Hi all,
This is the first chapter of a novel(la) I'm working on. Please tell me if you would read on after these few paragraphs. Any comments much appreciated.
Today was Richard’s wedding day.
He put on his best shirt, suit and shoes. For the first time in years he stood in front of a mirror, trying to get his tie done right. Facing the mirror, he closed his eyes and fingered the tie, trying to picture its blueness. The assistant had said it exactly matched the colour of Richard’s eyes. He wrapped it around his neck and knotted it once, then twice. There was no way of being entirely sure that the final result was satisfactory. Yet he had a feeling he could not go wrong. Not today.

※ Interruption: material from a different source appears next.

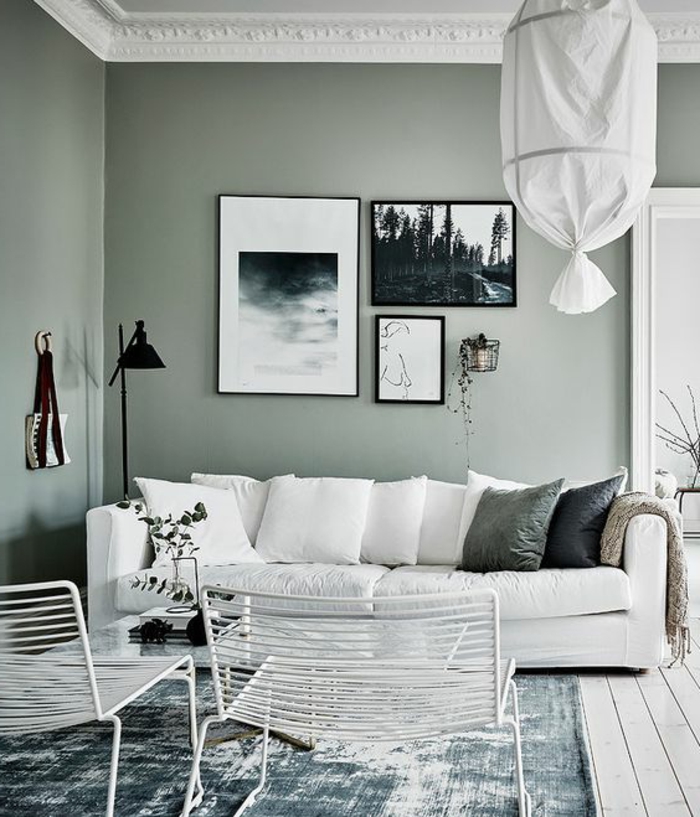 association de couleur avec le gris, tableaux monochromatiques, sofa blanc avec plusieurs coussins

As he donned his coat and scarf by the front door he tried to imagine what it would be like in a few hours. Could this really be his last few minutes in the house alone, as a single man?
He stepped outside into a chilly February morning and headed off to church. Feeling the pavement with his stick, he was pleased to note its clutter-free state. He took this as a good omen. It was usually on a Saturday morning that he tripped over children’s toys or, once, rubbish bins forgotten out since the day before. He would have been even more pleased had he been able to note that the pavements and streets were gritted overnight to safeguard against slipping on the snow.
A few steps down the road he heard people calling out to one other. He could distinguish children’s voices and, less audibly, a man’s. He heard someone approaching him from the forecourt of an unseen white crowned house. Automatically, he set his face into a smile – a survival technique rather than a friendly gesture in his case.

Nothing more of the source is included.